Simone Veil qui a été arrêtée à Nice avec toute sa famille raconte dans un ouvrage biographique les circonstances de son arrestation et sa déportation, puis son engagement politique. A propos de la population niçoise, elle écrit « En dépit de tous les efforts qu’elle déployait, secondée par ses indicateurs et ses physionomistes, la Gestapo ne parvenait pas à effectuer des rafles aussi efficaces que dans d’autres villes, d’une part du fait de la réelle solidarité des niçois entre eux, d’autre part parce ce que la police française était de moins en moins portée à collaborer » Une vie, Simone Veil, Stock 2007, 398 pages, page 46.

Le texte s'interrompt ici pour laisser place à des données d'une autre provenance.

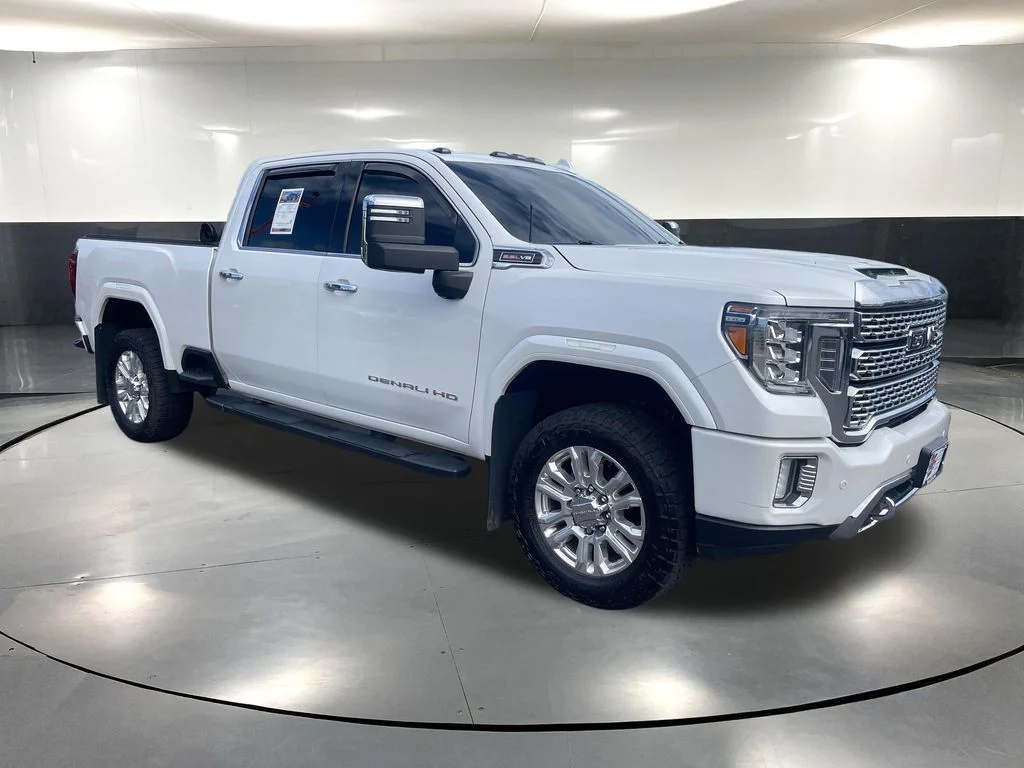 Used 2020 White GMC Denali image 1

Il faudrait ajouter cependant que lors des rafles de 1942, en particulier celle des 25 et 26 août 1942, la police française était soucieuse de connaître l'opinion de la population et plusieurs rapports en font état. Il se trouve que s'agissant de juifs "étrangers" il y avait 3 réactions parmi la population : ceux qui étaient indifférents, ceux qui s'en inquiétaient, notamment des hommes d'Eglise, le Cardinal Gerlier et qui ont compris que ce n'était qu'un début. Le fait de séparer les enfants de leurs parents était le plus choquant et aussi l'inquiétude sur le lieu de destination qui était inconnu. Mais il y en avait aussi qui se réjouissaient de voir disparaître des indésirables qu'ils rendaient responsables de leur malheur et surtout du marché noir (166w16, page 445). Voici cet épisode de 1942 dans le menu Rafle d'août 1942.

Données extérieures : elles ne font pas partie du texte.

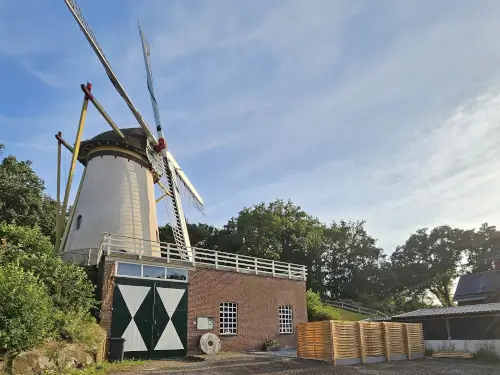 Bijzonder overnachten in een molen nabij groene omgeving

Le départ des italiens et l'arrivée des allemands
Noémi Faingersch, alias Noémi Sinclair-Kharbine, a raconté sa liaison amoureuse avec un officier italien du 14 mai 1943 au 13 septembre 1943 sous forme d’un journal qu’elle a écrit quand elle avait un peu plus de 20 ans (L’été italien - 1943, édité chez France Europe Editions en 2003). Elle était russe juive et s’était réfugiée à Golfe-Juan avec sa famille. Elle cachait sa relation avec un soldat italien surtout par rapport à sa famille car elle était fiancée.
Les italiens sympathisaient volontiers avec la population, car il y avait beaucoup d’italiens installés dans la région depuis longtemps mais surtout le régime de Mussolini pourchassait les anti-fascistes mais pas spécialement les juifs.
Ce fut très différent avec l’arrivée de la Wehrmacht puis de la Gestapo qui commencèrent immédiatement les rafles et les déportations, à commencer par les soldats italiens démobilisés qui furent expédiés dans les camps de concentration.